Google's AlphaGo team has been working on chess

CheckersGuy · Post by **CheckersGuy** » Wed Dec 13, 2017 3:50 pm

Milos wrote:
CheckersGuy wrote:
syzygy wrote:
hgm wrote:
syzygy wrote:But you seem to assume that AlphaZero's NN isn't worth much, or at least not worth more than 1000 nodes in SF's tree.
But that is not just an assumption, we kow that from a simple extrapolation, don't we? In fig. 2a of the AlphaZero paper we see that the Elo of AlphaZero drops below that of Stockfish at ~300ms/move (i.e. 24k AlphaZero nodes), and is some 120 Elo worse at 40ms/move (3.2k nodes). That is 120 Elo for a factor 8 reduction in tree size, and there are early 4 more factors 8 to go before we are at a tree size of a single node. By that time Stockfish' 1000 nodes would be about 600 Elo stronger than AlphaZero's single node. If we assume 70 Elo per doubling for Stockfish, we could reduce its tree size to about 2-3 nodes to get it on par with AlphaZero's single node.

And that makes sense. I don't believe a NN could be much more accurate than QS, when the situation gets complex.
QS is an interesting point.
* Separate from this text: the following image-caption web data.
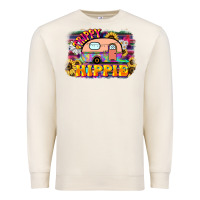 Sandshell trippy hippie Premium Sweatshirt - NancyCooperArtShop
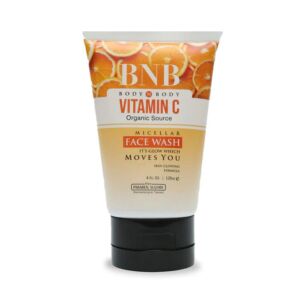 BNB Vitamin-C Micellar Face Wash (120ml)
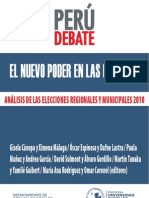 Perú Debate - El Nuevo Poder en Las Regiones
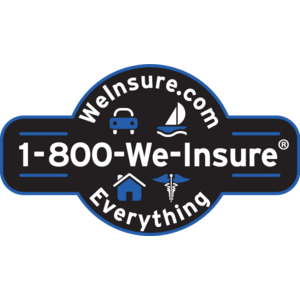1-800-We-Insure Logo
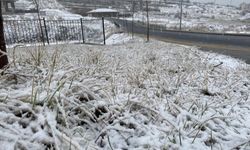 Sivas'a yağmur, Kayseri'ye kar düştü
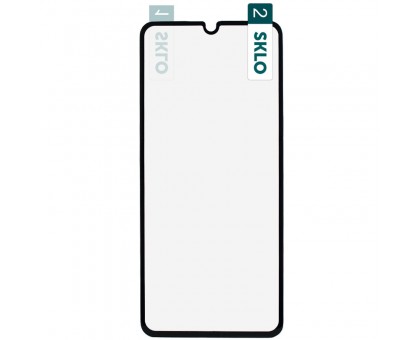 Гибкое защитное стекло SKLO Nano (тех.пак) для Samsung Galaxy A41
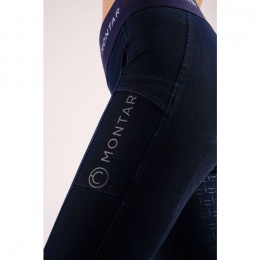Montar SS'22 Valeria Logo tape riding tights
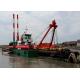 Cutter Suction River Sand Dredger 10 Inch Rapid Assembly And Dismantling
It seems AlphaZero doesn't care whether the position being expanded and NN-evaluated is a quiet position or not.

But the QS point also shows that an evaluation function only works with a minimum of search. The evaluation function can know a lot about passed pawns, but if a relatively simple combination wins the pawn, that knowledge is not worth much. For the same reason I do not yet rule out that the strength of AlphaZero's evaluation function becomes more apparent as its search takes care of the immediate tactics that its NN cannot grasp.
I think you have something mixedup. The tree is only built up once per game and this tree won't be kept in the memory after the root position changes (your opponent or yourself made a move).

If you look at the explanation on wikipedia this is actually pretty clear
Sorry, but your the one who mixed it up.
Play (Figure 2d). At the end of the search AlphaGo Zero selects a move a to play in the root position s0, proportional to its exponentiated visit count, pi(a|s0) = N(s0,a)^1/τ / Sum(N(s0,b)^1/τ), where τ is a temperature parameter that controls the level of exploration. The search tree is reused at subsequent time-steps: the child node corresponding to the played action becomes the new root node; the subtree below this child is retained along with all its statistics, while the remainder of the tree is discarded.

Tree tree is still not kept in memory once the game is over. So where is the bookLearning ?

As for the 8 step history. Where do you get that the 8 step history is equivalent to an 8 ply search ?

Milos · Post by **Milos** » Wed Dec 13, 2017 4:46 pm

CheckersGuy wrote:Tree tree is still not kept in memory once the game is over. So where is the bookLearning ?

I addressed your obviously wrong comment:

tree won't be kept in the memory after the root position changes (your opponent or yourself made a move).

not if training weights is in some way analogues to book learning (which I believe it is coz weights learned in training contain information about best move in certain positions the same what book does, just much less accurate).

As for the 8 step history. Where do you get that the 8 step history is equivalent to an 8 ply search ?

I didn't, it's like asking where did you get that fixed depth alpha-beta search could perform like NN. It was an assumption based on the what is the horizon of NN evaluation, how deep it can see tactics. Since NN is clearly not very efficient way to do the evaluation, we kind of came to the new conclusion that its strength is probably not more than of just qsearch extrapolating performance from Fig.2 of the paper.

Henk · Post by **Henk** » Wed Dec 13, 2017 6:16 pm

At the start of training only random moves will be played. So that means all games will end in a fifty move draw. So how do they get the move probability distribution right in the very first stage of training.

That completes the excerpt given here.